> Aim of the exercise
Every line below from the one containing "Summit White /" through the one containing "Tsuna style wavy" must be transcribed exactly. Omit all lines outside that stretch.

> Material shown
====
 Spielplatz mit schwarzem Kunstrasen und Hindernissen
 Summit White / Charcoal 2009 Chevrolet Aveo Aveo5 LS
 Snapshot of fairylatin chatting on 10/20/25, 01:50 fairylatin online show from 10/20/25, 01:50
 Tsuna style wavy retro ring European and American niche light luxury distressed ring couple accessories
====
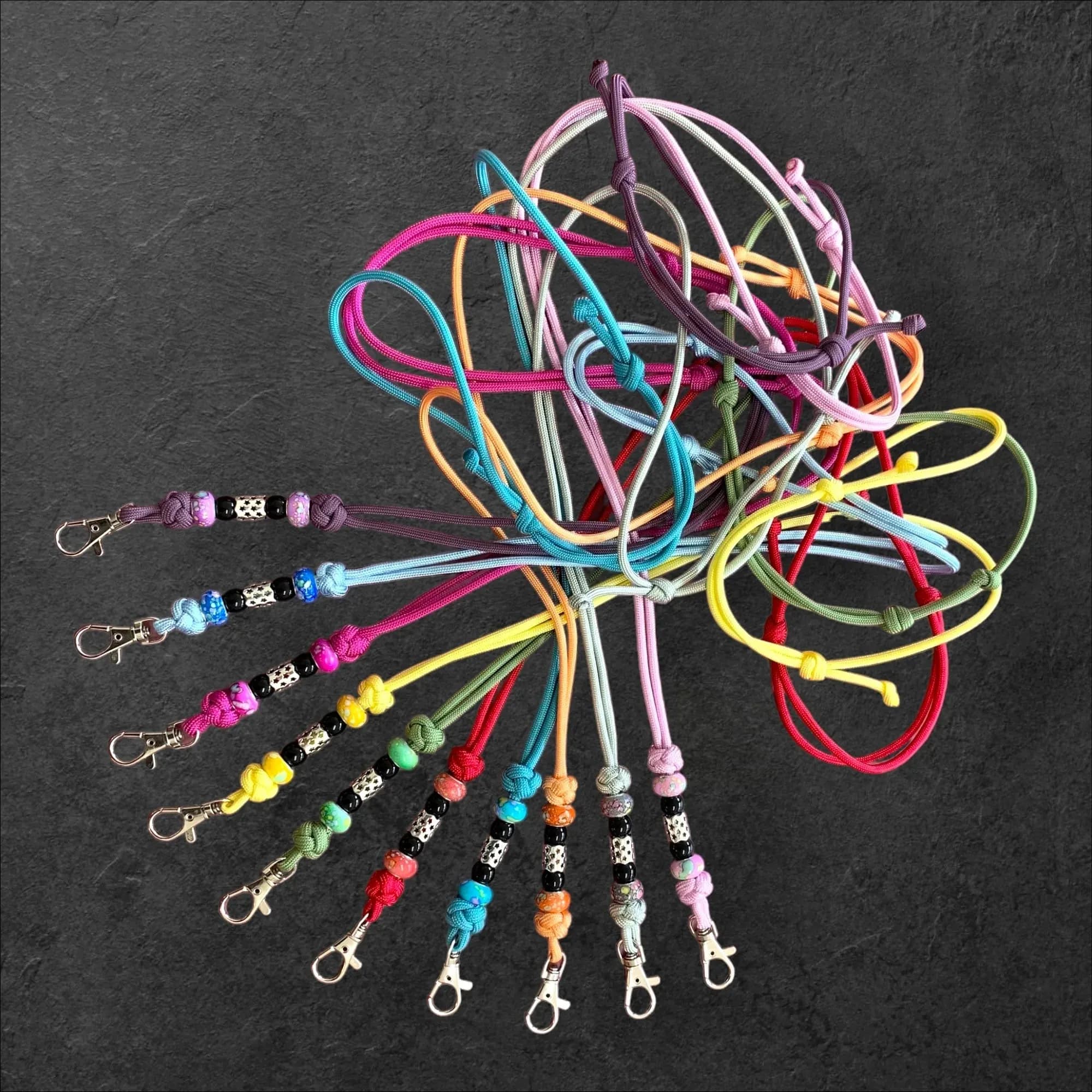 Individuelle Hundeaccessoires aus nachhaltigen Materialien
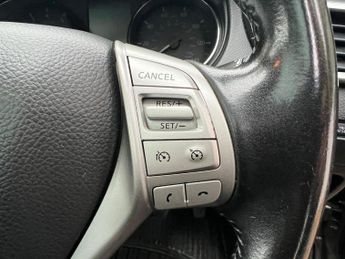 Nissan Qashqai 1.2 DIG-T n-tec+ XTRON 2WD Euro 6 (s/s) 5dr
====
> Solution for this task
 Summit White / Charcoal 2009 Chevrolet Aveo Aveo5 LS
 Snapshot of fairylatin chatting on 10/20/25, 01:50 fairylatin online show from 10/20/25, 01:50
 Tsuna style wavy retro ring European and American niche light luxury distressed ring couple accessories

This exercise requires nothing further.